═══ Records for this task

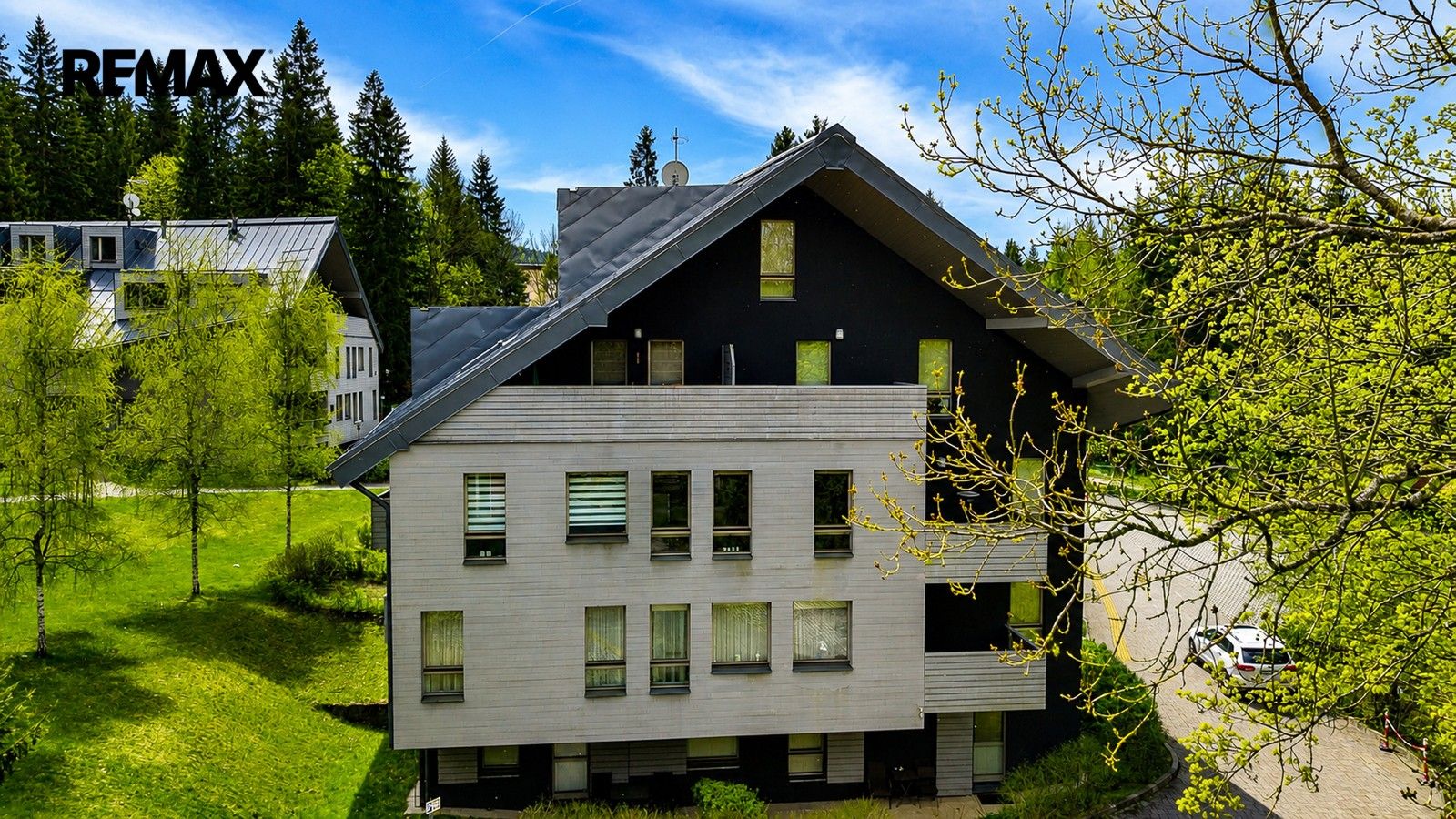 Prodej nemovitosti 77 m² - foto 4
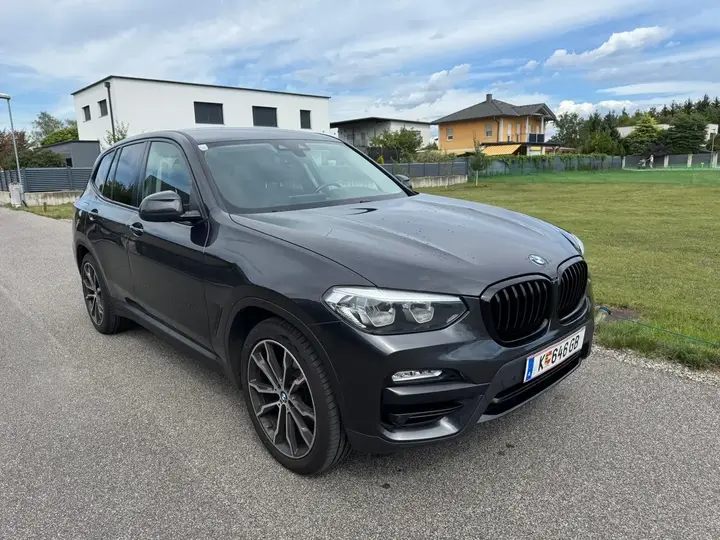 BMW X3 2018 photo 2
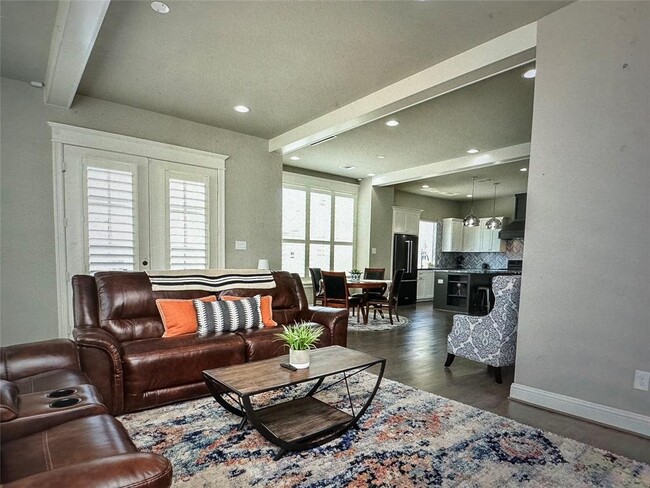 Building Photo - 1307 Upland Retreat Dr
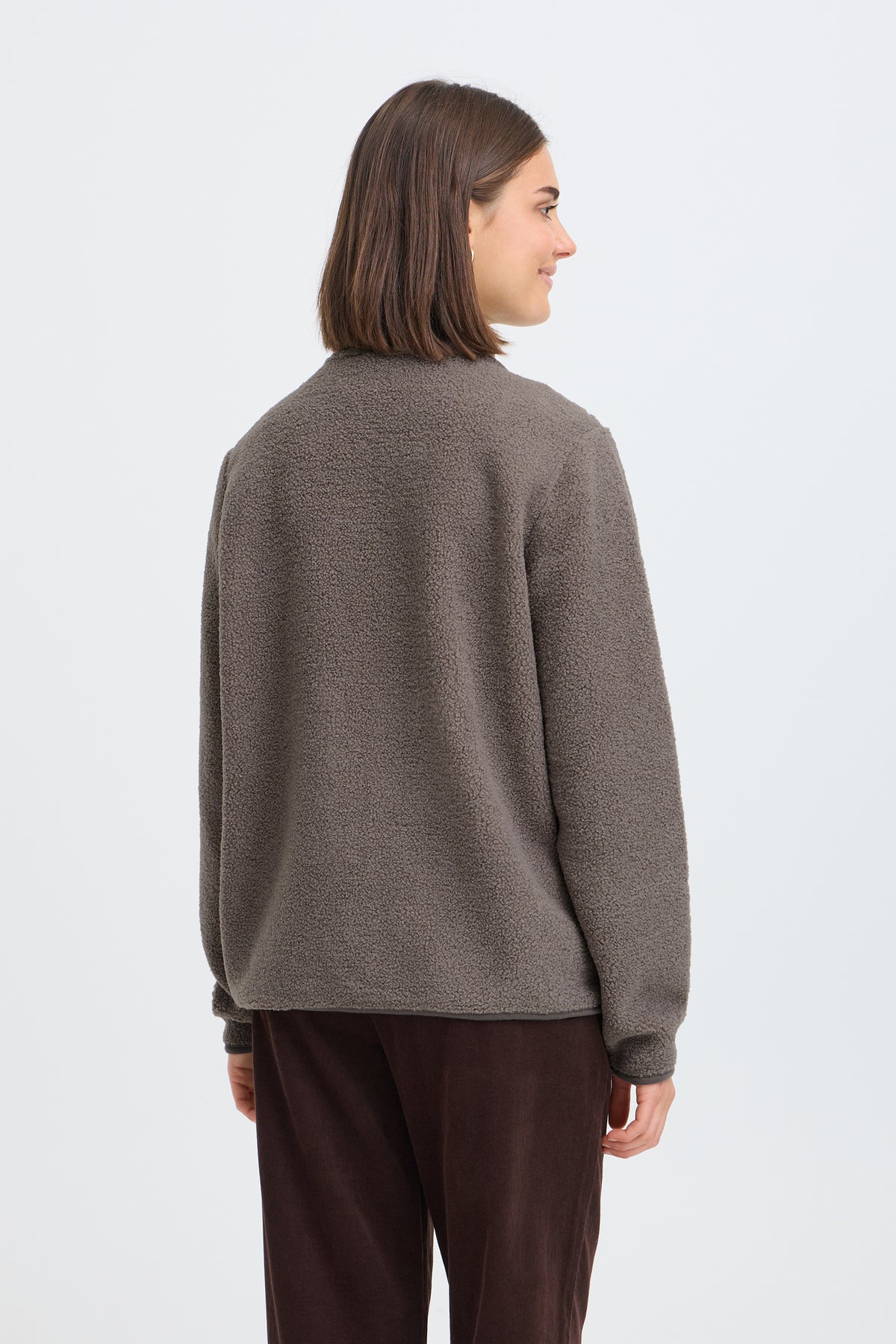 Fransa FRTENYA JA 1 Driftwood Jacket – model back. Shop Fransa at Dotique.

══════
═══ Records for this task

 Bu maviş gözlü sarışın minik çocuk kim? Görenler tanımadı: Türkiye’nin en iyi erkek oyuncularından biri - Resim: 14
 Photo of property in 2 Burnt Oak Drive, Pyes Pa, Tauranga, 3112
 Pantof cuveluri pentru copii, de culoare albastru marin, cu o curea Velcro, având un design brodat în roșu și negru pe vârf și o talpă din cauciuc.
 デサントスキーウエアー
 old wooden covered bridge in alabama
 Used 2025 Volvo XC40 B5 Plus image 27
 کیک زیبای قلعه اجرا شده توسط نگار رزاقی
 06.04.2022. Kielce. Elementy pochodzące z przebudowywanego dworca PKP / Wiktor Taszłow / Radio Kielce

══════
═══ Records for this task

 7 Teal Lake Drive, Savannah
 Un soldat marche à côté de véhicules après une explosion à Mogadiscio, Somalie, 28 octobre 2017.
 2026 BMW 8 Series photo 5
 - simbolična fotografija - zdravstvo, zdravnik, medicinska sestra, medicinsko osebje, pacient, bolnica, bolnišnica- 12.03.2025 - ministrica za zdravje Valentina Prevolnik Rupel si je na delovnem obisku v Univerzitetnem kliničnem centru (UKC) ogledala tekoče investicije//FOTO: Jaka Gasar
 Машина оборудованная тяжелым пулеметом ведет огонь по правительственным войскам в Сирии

══════

Task brief. In the listing above, find the line with "BMW X3 2018 photo 2" and output every line through the one with "Fransa FRTENYA JA", exactly, without the pictures.

Task result.
 BMW X3 2018 photo 2
 Building Photo - 1307 Upland Retreat Dr
 Fransa FRTENYA JA 1 Driftwood Jacket – model back. Shop Fransa at Dotique.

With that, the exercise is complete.